Anyway, if you have any questions or comments, go ahead and speak up. The first session was Saturday, but I'm too tired to write it all up. A summary, though, will suffice for now.

Jasper, Nathan, and Jasper's fiance had a dying man stagger into their office with directions to his house. They went there, and got jumped by cultists. Several amazing rolls and bizarre/awesome/hilarious/horrifying moments later, there are about 18 spent bullet casings, 2 dead cultists, and a dead star vampire strewn about the house. Also, the building is on fire. They escape, and read the note the guy wanted them to find, and freak. Apparently, the stars are right, and the leaders of the Cthulhu cult are preparing to do the unthinkable: RELEASE CTHULHU!! Dun dun dun... They quickly boarded a ship to London, and set off to crash the Cultists's party...
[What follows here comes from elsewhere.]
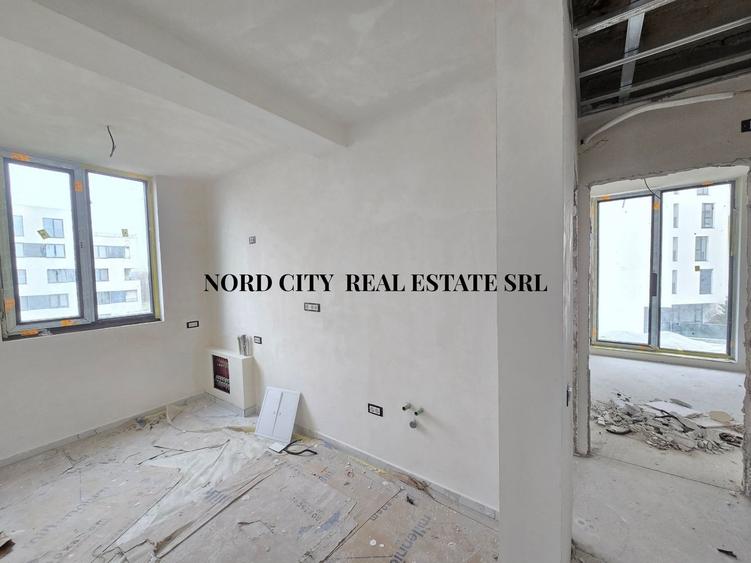 Apartament cu 2 camere decomandat în Sisești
I find it funny that they forgot to at least inform the other PCs of their plans before leaving to go save the world. Now I have to work with plot holes! XD

Calinero
2008-10-21, 05:55 AM
Heh....I find it's easier to occasionally just pretend my players did something that makes sense to anyone with a normal IQ, even if they forgot to do it for some reason.

BobVosh
2008-10-21, 06:02 AM
Heh....I find it's easier to occasionally just pretend my players did something that makes sense to anyone with a normal IQ, even if they forgot to do it for some reason.

That is good for most things, but this fits the whole "horror" theme: so terrified about Big C coming out for some tea they rush off to prevent it, not even waiting to tell McFriends.

Oh and how dare you tease us Lycan, I was expection a fairly long write up on the session :P

Hiisi
2008-10-21, 09:54 AM
The world is doomed STOP Come to London fast

PS Please don't call the asylum

Telegrams rule.

Calinero
2008-10-21, 02:08 PM
Hopefully they will learn from this experience. Both to keep other party members informed and not to screw around with the Necronomicron.

I am also looking forward to the first in depth story from this campaign! I plan on starting a similar diary as soon as my campaign gets going.

Lycan 01
2008-10-21, 03:59 PM
Jasper, his fiance, and Nathan were chilling out in their office on Sunday morning, early December of 1923, when suddenly the door opened, and a vagrant stumbled in. The man was drenched in blood, and it was revealed that while one hand clutched a scrap of paper, the other was striving to hold his innards into his gouged belly. The man gasped: "You... have to stop them. You're the only ones... Stop them!" before he a coughing fit resulted in his guts falling out. He collapsed to the ground, dead.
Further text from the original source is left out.